CAPÍTULO XCII: Cómo hay en Dios virtudes

CAPÍTULO XCII

Cómo hay en Dios virtudes

Consecutivo a lo dicho es demostrar cómo puede haber virtudes en Dios. Pues es preciso que, como su ser es absolutamente perfecto, al abarcar en sí en cierto modo las perfecciones de todos los seres, así también su bondad abarque en sí de alguna manera la bondad de todos ellos. Mas la virtud es una cierta bondad para el virtuoso, pues por razón de ella se le llama bueno a él y a su obra. Luego es preciso que la bondad divina encierre a su modo todas las virtudes.

De donde ninguna de ellas se encuentra en Dios como hábito, cual ocurre en nosotros. Pues Dios no es bueno por algo añadido, sino por su esencia, debido a que es absolutamente simple. Y tampoco obra por algo añadido a su esencia, por ser su acción, como se ha probado (c. 45), su mismo ser. Luego su virtud no es hábito alguno, sino su esencia.

El hábito es un acto imperfecto, un cierto medio entre la potencia y el acto; de donde viene el comparar los que tienen hábitos a los que duermen. Pero en Dios hay el acto perfectísimo. Luego en El no se da el acto del hábito, como la ciencia; sino el acto último y perfecto, cual es el considerar.

El hábito siempre perfecciona la potencia. Mas en Dios no hay nada potencial. Luego en El no puede darse el hábito.

El hábito pertenece a la categoría de accidente, el cual es en absoluto ajeno a Dios, como ya se probó antes (c. 23). Luego tampoco se puede atribuir a Dios virtud alguna como hábito, sino sólo esencialmente.

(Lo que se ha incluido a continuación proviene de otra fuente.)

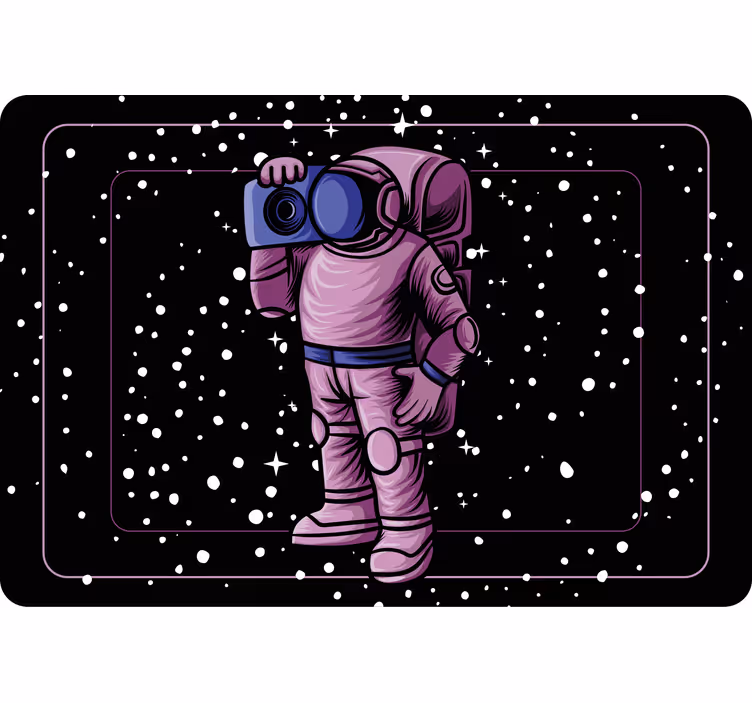 Rollo fenster kinderzimmer astronaut mit radiokassette - TenStickers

Siendo las virtudes del hombre rectoras de la vida humana, y ésta doble, contemplativa y activa, las virtudes que pertenecen a la vida activa, en cuanto la perfeccionan, no pueden convenir a Dios.

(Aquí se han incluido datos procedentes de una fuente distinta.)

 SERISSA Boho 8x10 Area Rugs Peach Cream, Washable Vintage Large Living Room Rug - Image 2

Efectivamente: la vida activa del hombre consiste en el uso de los bienes corporales; de donde las virtudes por las que usamos rectamente de estos bienes rigen la vida activa. Mas tales no pueden convenir a Dios. Luego tampoco dichas virtudes, en cuanto rigen esta vida.

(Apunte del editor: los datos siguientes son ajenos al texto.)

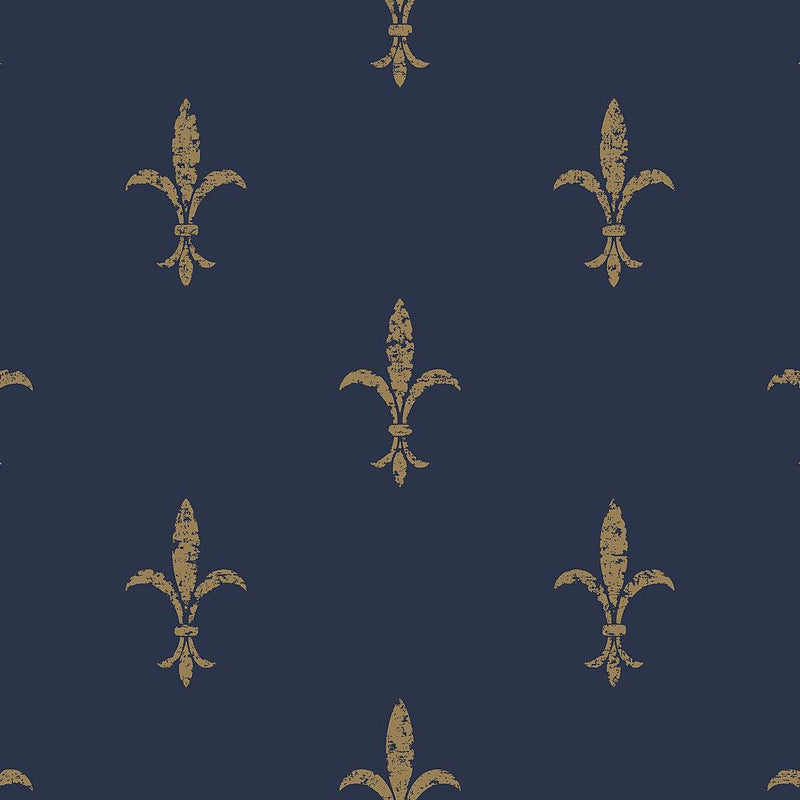 Wallpaper Fleur De Lis Wallpaper Sample // Navy & Gold 8 x 10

Estas virtudes perfeccionan las costumbres de los hombres en lo que se refieren al trato social; de donde parece que a los que no tienen trato con la sociedad, tales virtudes no les convengan del todo. Luego mucho menos le pueden convenir a Dios, cuyo trato y vida dista mucho de ser como la vida humana.

Algunas de estas virtudes que miran a la vida activa nos regulan las pasiones; las que no podemos admitir en Dios. Mas las virtudes que regulan las pasiones se especifican por las mismas pasiones como por sus objetos propios; por lo que la templanza difiere de la fortaleza en cuanto que ésta versa sobre concupiscencia, y aquélla sobre temor y audacia. Mas se ha demostrado que en Dios no hay pasiones (c. 89). Luego tampoco puede haber en Dios tales virtudes,

Tales virtudes no están en la parte intelectiva del alma, sino en la sensitiva, única que admite pasiones, como se prueba en el libro VII de los “Físicos”. Pero en Dios no hay parte sensitiva, sino sólo entendimiento. Resta, pues, que en Dios no pueden existir tales virtudes aun por lo que tienen de tales.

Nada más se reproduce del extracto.